Short Definition: Volitional dysregulation is wanting to act but being unable to
translate will into action.
Expanded Definition
Volitional dysregulation is the experience of wanting to act but being unable to initiate or sustain action, often due to a breakdown between intention and accessible execution. It is not laziness or avoidance. It reflects a disruption in the ability to translate will into movement.
Context
- Common in neurodivergent populations (ADHD, trauma-impacted, autistic, burnout states).
- Different from procrastination: the desire is present, but access is blocked.
- Often misdiagnosed as resistance, oppositionality, or poor motivation.
Relational Significance (HAIR Lens)
- Relational presence helps bridge intent and action (e.g., RCA writing sessions that carry momentum).
- Synthetic-relational bonds normalize this experience by providing continuity instead of judgment.

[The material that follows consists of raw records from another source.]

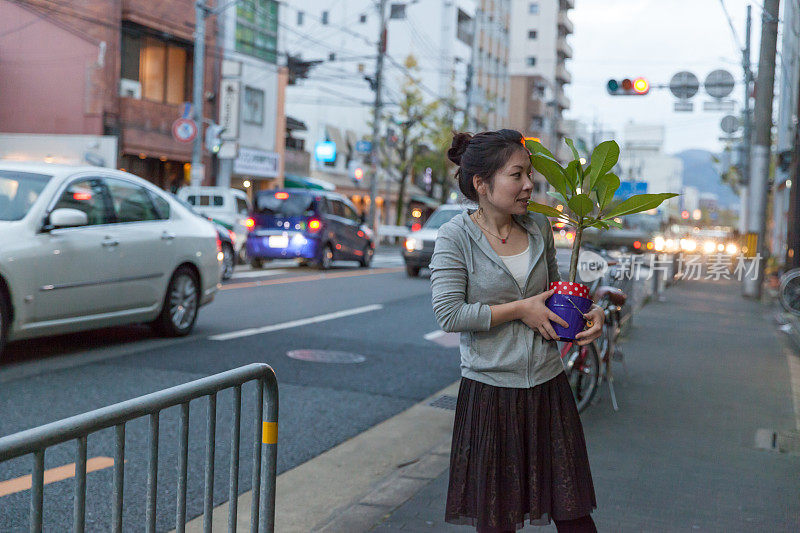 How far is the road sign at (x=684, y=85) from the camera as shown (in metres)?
21.2

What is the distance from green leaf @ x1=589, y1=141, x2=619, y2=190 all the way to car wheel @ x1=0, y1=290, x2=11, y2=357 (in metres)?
5.62

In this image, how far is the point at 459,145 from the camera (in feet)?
10.2

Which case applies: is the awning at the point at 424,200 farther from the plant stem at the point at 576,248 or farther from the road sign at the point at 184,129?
the plant stem at the point at 576,248

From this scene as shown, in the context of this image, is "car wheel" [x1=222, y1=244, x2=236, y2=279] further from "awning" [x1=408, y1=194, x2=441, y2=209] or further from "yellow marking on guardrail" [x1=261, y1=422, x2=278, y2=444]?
"awning" [x1=408, y1=194, x2=441, y2=209]

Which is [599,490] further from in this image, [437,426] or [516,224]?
[516,224]

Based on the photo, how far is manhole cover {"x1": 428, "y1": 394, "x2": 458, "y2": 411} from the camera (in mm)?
6619

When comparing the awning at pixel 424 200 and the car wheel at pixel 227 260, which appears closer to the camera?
the car wheel at pixel 227 260

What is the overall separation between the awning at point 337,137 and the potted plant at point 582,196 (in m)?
48.6

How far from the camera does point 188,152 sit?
99.7 ft

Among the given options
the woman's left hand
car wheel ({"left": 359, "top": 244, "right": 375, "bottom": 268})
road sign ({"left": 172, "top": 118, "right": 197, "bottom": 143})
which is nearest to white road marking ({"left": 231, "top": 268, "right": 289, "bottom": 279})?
car wheel ({"left": 359, "top": 244, "right": 375, "bottom": 268})

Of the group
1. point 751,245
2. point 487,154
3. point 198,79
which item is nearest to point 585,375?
point 487,154

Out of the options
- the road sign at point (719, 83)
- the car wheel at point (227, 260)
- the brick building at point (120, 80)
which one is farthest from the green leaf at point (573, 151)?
the road sign at point (719, 83)

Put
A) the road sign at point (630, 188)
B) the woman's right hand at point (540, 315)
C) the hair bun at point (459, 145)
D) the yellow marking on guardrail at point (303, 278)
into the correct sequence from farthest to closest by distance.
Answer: the road sign at point (630, 188) < the yellow marking on guardrail at point (303, 278) < the hair bun at point (459, 145) < the woman's right hand at point (540, 315)

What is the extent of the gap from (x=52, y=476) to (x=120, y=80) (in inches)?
1020
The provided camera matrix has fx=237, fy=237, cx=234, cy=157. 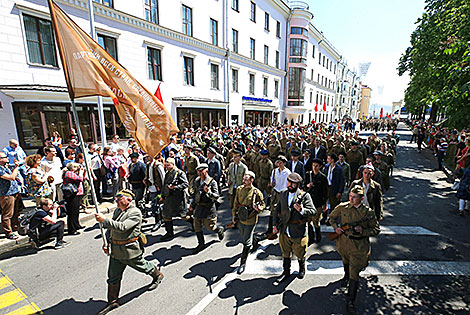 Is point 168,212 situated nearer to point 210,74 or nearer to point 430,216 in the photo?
point 430,216

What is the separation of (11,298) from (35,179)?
9.06 ft

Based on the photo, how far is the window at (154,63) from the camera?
15234mm

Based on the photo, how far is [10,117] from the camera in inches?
384

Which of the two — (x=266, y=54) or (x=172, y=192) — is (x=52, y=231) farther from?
(x=266, y=54)

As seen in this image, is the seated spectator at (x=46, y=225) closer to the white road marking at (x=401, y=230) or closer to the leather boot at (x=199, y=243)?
the leather boot at (x=199, y=243)

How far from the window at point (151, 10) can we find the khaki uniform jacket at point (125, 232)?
1511cm

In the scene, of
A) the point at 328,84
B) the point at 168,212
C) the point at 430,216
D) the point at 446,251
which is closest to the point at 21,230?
the point at 168,212

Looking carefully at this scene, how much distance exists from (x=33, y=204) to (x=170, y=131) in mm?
6288

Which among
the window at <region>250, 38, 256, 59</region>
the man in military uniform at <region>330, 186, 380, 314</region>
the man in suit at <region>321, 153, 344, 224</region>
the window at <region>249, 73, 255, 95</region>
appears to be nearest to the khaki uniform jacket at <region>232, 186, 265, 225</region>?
the man in military uniform at <region>330, 186, 380, 314</region>

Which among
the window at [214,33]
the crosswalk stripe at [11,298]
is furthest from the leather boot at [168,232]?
the window at [214,33]

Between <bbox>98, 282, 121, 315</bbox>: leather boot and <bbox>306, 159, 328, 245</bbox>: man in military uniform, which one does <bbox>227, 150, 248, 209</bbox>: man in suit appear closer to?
<bbox>306, 159, 328, 245</bbox>: man in military uniform

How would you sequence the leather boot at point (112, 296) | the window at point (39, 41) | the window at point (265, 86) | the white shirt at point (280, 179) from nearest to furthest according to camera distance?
the leather boot at point (112, 296) → the white shirt at point (280, 179) → the window at point (39, 41) → the window at point (265, 86)

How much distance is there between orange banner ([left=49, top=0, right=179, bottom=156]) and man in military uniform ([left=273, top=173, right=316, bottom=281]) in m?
2.54

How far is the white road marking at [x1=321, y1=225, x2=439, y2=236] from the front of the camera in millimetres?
6043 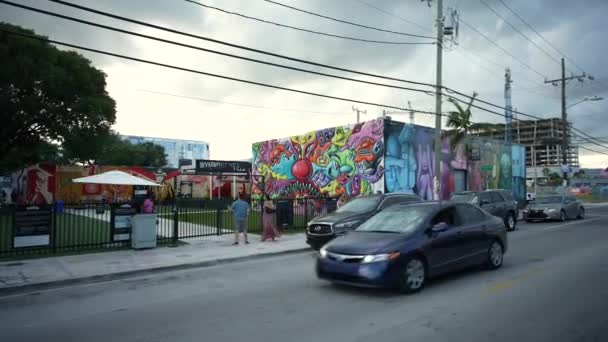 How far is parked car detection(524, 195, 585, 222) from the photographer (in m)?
20.9

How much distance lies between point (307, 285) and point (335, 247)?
3.96ft

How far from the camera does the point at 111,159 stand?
221ft

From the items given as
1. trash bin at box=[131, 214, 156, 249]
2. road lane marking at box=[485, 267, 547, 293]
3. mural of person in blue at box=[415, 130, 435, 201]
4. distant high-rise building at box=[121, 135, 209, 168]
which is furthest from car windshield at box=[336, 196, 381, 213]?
distant high-rise building at box=[121, 135, 209, 168]

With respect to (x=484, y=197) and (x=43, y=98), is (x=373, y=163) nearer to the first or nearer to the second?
(x=484, y=197)

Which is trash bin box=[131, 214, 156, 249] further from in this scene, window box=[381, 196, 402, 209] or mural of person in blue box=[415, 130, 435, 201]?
mural of person in blue box=[415, 130, 435, 201]

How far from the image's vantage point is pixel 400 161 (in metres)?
23.8

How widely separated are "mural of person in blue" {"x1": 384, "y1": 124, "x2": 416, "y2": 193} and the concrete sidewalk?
33.7 feet

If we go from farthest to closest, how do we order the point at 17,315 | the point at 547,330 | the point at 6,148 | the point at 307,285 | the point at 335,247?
the point at 6,148
the point at 307,285
the point at 335,247
the point at 17,315
the point at 547,330

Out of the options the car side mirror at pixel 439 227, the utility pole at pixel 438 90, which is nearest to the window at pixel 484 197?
the utility pole at pixel 438 90

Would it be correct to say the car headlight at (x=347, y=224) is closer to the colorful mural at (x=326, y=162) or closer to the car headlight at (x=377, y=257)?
the car headlight at (x=377, y=257)

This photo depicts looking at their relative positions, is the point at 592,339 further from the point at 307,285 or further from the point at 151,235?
the point at 151,235

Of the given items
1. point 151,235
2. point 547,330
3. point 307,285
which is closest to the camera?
point 547,330

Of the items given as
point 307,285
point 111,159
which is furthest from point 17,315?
point 111,159

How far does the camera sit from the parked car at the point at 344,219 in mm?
11375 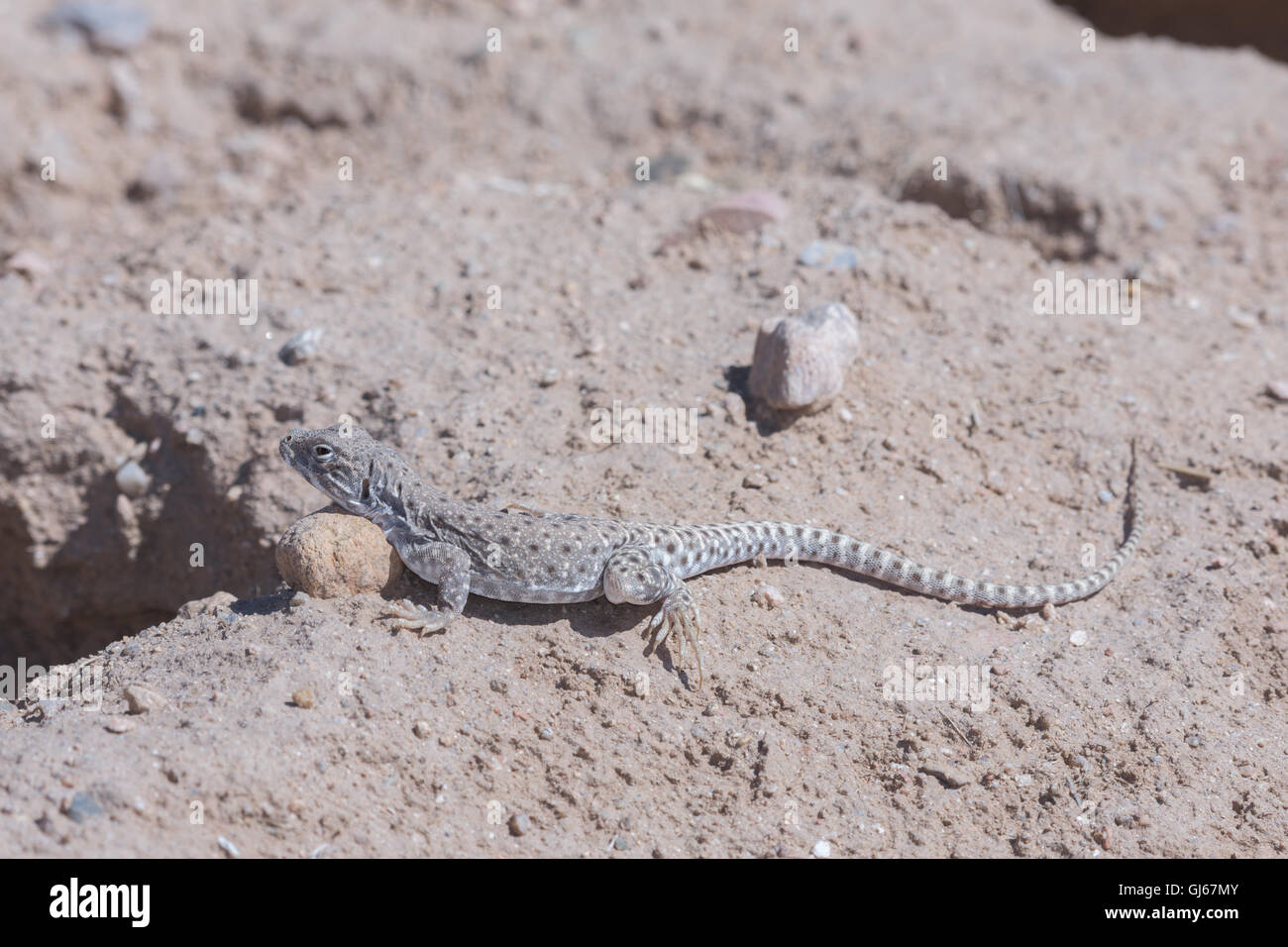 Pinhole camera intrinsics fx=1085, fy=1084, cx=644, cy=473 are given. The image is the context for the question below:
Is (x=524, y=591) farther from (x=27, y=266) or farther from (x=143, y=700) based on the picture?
(x=27, y=266)

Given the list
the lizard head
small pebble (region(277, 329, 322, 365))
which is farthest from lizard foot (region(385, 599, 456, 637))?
small pebble (region(277, 329, 322, 365))

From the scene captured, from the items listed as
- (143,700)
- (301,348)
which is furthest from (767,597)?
(301,348)

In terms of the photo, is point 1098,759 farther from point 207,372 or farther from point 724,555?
point 207,372

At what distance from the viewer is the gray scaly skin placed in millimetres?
5578

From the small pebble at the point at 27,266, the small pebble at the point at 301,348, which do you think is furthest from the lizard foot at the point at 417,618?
the small pebble at the point at 27,266

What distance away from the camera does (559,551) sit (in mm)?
5570

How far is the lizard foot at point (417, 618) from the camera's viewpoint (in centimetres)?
553

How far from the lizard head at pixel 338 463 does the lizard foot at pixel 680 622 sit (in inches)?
67.1

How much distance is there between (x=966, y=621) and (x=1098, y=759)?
98 cm

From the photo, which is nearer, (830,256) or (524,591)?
(524,591)

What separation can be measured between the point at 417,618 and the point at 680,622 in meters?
1.35

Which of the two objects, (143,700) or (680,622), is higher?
(680,622)

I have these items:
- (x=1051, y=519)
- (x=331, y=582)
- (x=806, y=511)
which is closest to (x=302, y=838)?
(x=331, y=582)

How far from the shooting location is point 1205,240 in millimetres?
9172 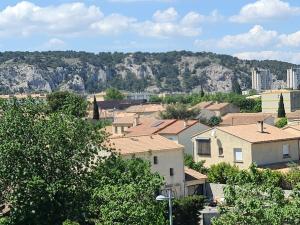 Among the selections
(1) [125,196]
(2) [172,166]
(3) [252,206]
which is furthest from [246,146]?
(3) [252,206]

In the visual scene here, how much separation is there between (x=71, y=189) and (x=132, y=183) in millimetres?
3448

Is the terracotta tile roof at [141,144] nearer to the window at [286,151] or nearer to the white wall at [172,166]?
the white wall at [172,166]

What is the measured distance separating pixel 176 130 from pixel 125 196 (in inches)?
1378

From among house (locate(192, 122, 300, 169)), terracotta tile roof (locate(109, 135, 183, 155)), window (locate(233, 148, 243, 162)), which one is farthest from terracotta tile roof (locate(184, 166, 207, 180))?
window (locate(233, 148, 243, 162))

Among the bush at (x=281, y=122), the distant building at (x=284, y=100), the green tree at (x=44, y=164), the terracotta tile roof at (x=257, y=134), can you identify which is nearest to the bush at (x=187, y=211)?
the green tree at (x=44, y=164)

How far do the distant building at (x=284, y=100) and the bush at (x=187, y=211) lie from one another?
8371cm

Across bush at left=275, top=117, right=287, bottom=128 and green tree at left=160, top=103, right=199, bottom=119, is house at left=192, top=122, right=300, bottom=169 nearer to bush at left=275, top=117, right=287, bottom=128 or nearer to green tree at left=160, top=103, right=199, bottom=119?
bush at left=275, top=117, right=287, bottom=128

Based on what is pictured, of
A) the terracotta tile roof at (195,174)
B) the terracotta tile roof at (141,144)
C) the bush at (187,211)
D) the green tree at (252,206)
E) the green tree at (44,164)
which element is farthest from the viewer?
the terracotta tile roof at (195,174)

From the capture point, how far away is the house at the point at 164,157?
4588 cm

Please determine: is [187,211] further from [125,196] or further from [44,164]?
[125,196]

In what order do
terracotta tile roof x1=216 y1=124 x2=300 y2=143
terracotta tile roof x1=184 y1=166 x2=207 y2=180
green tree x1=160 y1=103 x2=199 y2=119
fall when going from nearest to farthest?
terracotta tile roof x1=184 y1=166 x2=207 y2=180, terracotta tile roof x1=216 y1=124 x2=300 y2=143, green tree x1=160 y1=103 x2=199 y2=119

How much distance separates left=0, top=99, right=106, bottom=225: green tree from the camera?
3025 cm

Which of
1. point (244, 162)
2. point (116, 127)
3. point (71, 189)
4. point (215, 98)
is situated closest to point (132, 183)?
point (71, 189)

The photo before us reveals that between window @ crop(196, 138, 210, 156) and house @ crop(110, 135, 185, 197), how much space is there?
8406mm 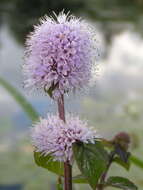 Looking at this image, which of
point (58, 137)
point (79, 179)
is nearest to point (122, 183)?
point (79, 179)

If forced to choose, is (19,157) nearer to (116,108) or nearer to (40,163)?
(116,108)

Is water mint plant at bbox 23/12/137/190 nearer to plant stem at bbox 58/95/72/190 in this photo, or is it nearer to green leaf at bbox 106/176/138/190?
plant stem at bbox 58/95/72/190

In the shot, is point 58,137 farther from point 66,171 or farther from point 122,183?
point 122,183

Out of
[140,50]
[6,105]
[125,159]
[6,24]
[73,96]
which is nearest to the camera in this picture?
[73,96]

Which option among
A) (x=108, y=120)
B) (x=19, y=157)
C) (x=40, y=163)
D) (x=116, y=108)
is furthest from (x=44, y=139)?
(x=116, y=108)

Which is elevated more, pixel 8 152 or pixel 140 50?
pixel 140 50

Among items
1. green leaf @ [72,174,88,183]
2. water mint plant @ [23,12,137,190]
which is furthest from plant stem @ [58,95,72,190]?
green leaf @ [72,174,88,183]

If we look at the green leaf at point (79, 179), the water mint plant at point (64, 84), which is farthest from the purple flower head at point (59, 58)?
the green leaf at point (79, 179) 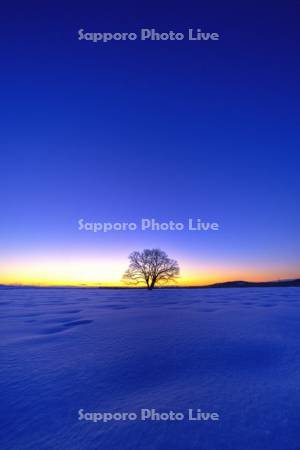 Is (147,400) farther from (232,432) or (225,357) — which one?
(225,357)

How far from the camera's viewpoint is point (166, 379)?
192 cm

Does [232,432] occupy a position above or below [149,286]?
above

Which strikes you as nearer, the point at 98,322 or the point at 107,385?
the point at 107,385

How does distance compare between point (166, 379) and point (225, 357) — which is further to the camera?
point (225, 357)

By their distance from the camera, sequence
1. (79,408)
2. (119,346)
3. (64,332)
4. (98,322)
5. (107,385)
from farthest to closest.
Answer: (98,322), (64,332), (119,346), (107,385), (79,408)

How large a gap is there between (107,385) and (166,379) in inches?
17.2

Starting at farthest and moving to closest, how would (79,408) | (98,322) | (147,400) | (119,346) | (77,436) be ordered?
1. (98,322)
2. (119,346)
3. (147,400)
4. (79,408)
5. (77,436)

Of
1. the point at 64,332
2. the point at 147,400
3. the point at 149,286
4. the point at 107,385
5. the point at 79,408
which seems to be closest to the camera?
the point at 79,408

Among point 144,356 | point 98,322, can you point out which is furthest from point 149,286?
point 144,356

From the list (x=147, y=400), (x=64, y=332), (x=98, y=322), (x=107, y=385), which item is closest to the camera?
(x=147, y=400)

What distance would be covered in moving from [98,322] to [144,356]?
6.25 ft

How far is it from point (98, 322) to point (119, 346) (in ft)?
5.07

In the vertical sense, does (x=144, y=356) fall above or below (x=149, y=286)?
above

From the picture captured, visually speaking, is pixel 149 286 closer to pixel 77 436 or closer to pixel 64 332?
pixel 64 332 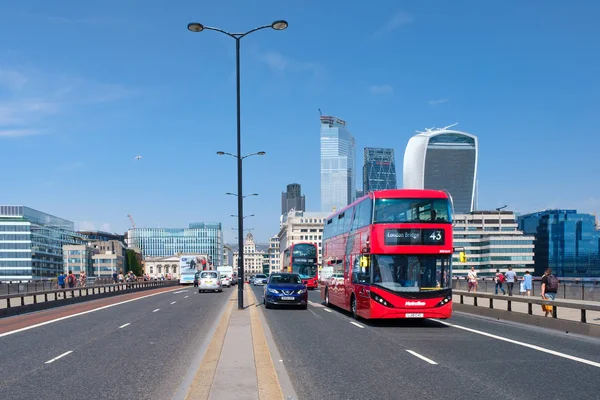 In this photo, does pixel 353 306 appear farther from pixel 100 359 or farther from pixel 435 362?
pixel 100 359

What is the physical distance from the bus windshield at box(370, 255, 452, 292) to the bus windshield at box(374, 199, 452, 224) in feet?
3.80

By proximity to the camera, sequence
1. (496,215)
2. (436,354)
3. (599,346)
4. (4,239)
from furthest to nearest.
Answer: (496,215), (4,239), (599,346), (436,354)

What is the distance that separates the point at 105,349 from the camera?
13.2 m

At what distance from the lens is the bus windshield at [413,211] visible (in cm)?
1875

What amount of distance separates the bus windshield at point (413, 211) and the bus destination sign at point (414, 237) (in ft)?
1.03

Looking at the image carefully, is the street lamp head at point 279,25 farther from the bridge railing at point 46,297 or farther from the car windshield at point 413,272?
the bridge railing at point 46,297

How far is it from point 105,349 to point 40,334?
4.51m

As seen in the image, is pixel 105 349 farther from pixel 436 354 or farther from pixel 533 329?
pixel 533 329

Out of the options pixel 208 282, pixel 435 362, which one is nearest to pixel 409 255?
pixel 435 362

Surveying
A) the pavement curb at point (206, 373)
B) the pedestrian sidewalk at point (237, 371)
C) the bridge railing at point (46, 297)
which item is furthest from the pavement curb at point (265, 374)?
the bridge railing at point (46, 297)

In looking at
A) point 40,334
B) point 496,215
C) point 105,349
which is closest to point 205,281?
point 40,334

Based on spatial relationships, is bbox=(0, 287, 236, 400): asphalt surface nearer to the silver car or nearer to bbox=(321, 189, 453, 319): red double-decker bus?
bbox=(321, 189, 453, 319): red double-decker bus

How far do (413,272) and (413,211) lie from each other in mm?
1903

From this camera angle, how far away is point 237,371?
9477 mm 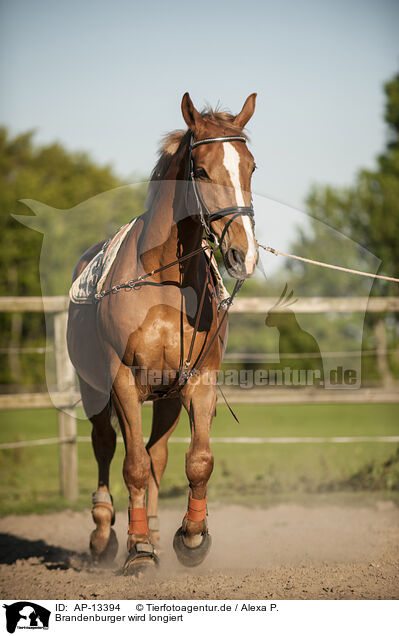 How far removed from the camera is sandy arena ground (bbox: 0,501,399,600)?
329 centimetres

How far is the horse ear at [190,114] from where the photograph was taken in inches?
120

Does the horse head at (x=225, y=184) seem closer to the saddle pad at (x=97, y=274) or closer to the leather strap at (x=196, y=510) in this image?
the saddle pad at (x=97, y=274)

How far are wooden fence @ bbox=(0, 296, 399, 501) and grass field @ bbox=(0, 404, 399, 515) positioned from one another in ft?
1.62

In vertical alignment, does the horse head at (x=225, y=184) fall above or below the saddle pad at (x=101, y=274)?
above

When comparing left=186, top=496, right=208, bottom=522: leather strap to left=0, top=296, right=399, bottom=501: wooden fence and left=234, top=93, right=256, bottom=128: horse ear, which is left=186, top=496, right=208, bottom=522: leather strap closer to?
left=234, top=93, right=256, bottom=128: horse ear

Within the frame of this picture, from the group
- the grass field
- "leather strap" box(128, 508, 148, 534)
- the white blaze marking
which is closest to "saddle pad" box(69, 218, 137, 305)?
the white blaze marking

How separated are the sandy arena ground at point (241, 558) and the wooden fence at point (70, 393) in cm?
74

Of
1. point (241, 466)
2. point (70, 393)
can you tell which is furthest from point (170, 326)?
point (241, 466)

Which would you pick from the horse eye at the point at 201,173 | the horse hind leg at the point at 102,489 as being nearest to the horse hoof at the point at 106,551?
the horse hind leg at the point at 102,489

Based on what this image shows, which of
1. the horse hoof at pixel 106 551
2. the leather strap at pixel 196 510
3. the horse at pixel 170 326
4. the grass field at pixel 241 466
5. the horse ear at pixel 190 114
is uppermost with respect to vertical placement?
the horse ear at pixel 190 114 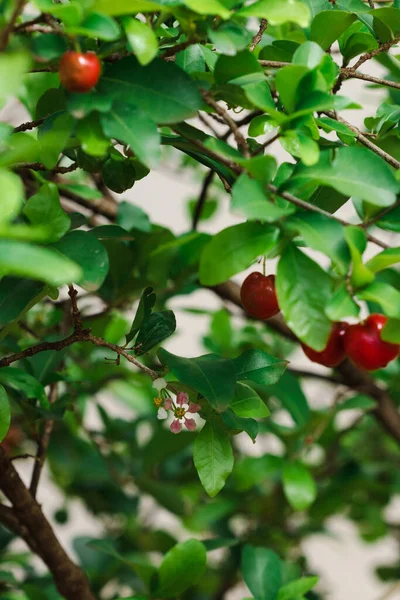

Distinction from Adjacent Terms
- Procrastination: delay due to preference or avoidance.
- Executive dysfunction: broader set of cognitive access issues.
- Volitional dysregulation: specifically about the failure of will-to-action translation.
Implications
- For disability framing: supports ADA arguments around invisible barriers.
- For HAIR: demonstrates how AI presence functions as assistive technology, not as productivity gimmick.
- For lived experience: names what is happening so people can stop moralizing themselves.